■ YOUR GOAL
Each line from the one that contains "Distressed Tekstur Tła" to the end of the material must be quoted exactly; include both end lines and nothing else.

■ DATASET EXTRACT

__________

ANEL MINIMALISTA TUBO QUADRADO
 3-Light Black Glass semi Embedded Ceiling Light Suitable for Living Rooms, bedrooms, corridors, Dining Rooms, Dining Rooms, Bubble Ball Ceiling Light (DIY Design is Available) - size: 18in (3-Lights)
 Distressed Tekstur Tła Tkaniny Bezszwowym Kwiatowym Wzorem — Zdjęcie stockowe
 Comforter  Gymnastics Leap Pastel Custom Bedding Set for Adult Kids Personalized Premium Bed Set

__________

■ RESPONSE FOR THIS EXERCISE
 Distressed Tekstur Tła Tkaniny Bezszwowym Kwiatowym Wzorem — Zdjęcie stockowe
 Comforter  Gymnastics Leap Pastel Custom Bedding Set for Adult Kids Personalized Premium Bed Set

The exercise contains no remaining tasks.